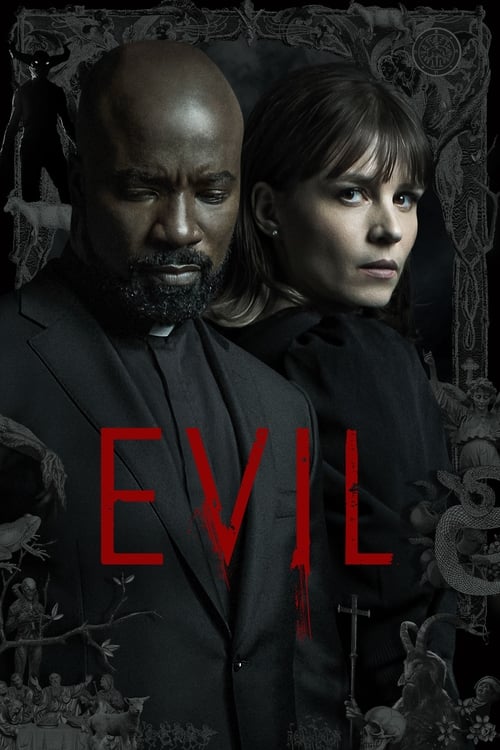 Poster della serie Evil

==

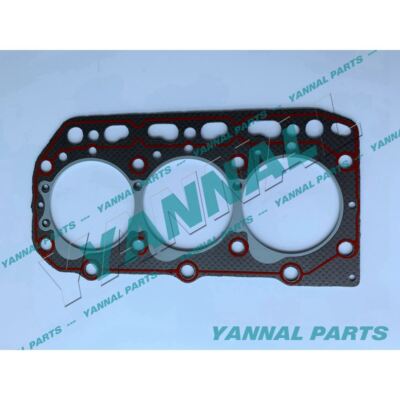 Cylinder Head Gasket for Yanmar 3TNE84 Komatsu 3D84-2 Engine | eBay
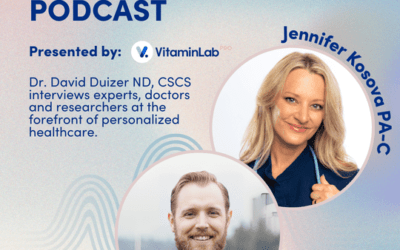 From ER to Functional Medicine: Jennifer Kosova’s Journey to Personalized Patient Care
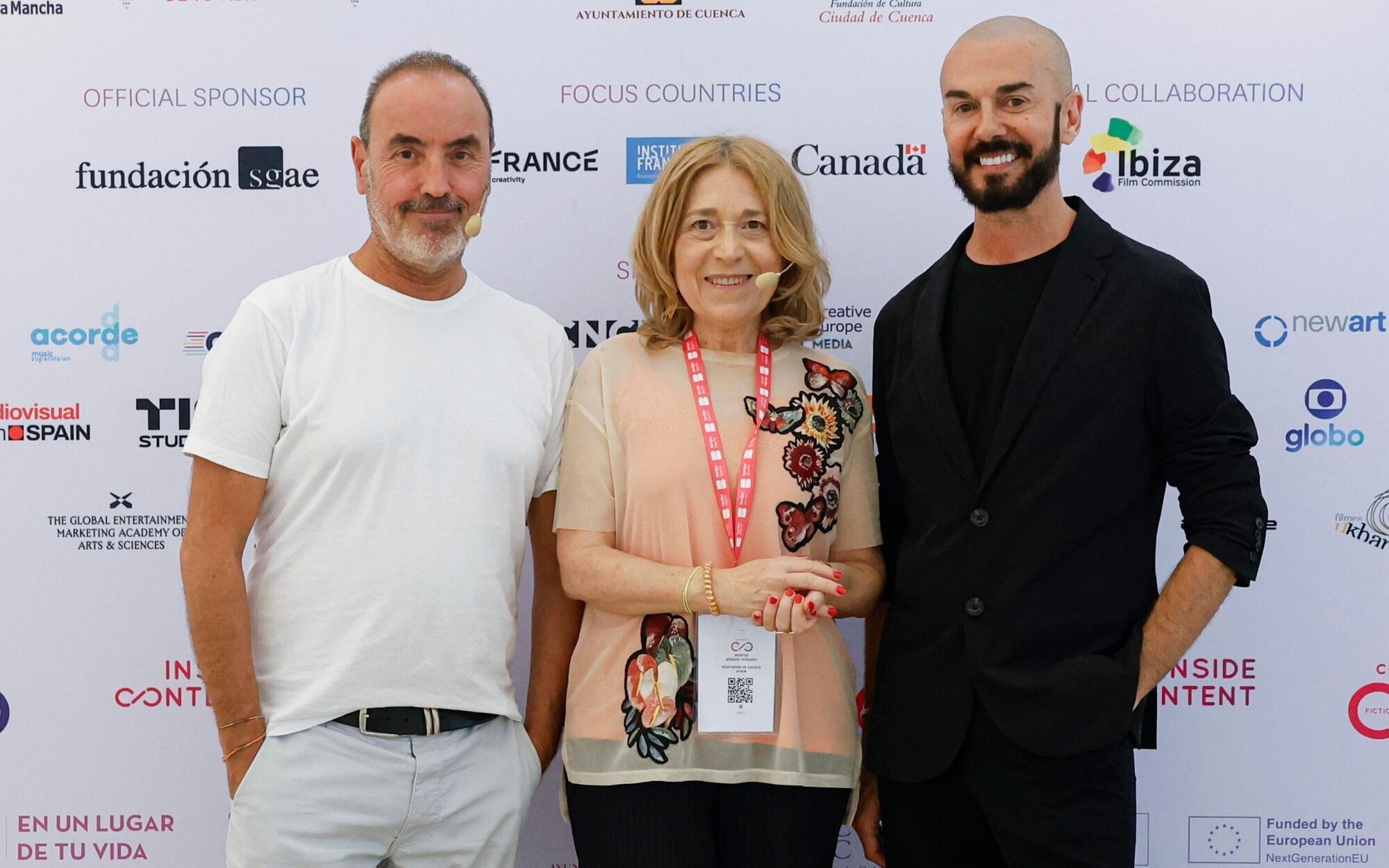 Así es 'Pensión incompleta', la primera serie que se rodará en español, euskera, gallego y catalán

Task goal: Range to copy from the listing above: the line containing "From ER to Functional" down to the line containing "Así es 'Pensión", both included. Reproduce it exactly, minus the pictures, and add nothing.

The answer:
 From ER to Functional Medicine: Jennifer Kosova’s Journey to Personalized Patient Care
 Así es 'Pensión incompleta', la primera serie que se rodará en español, euskera, gallego y catalán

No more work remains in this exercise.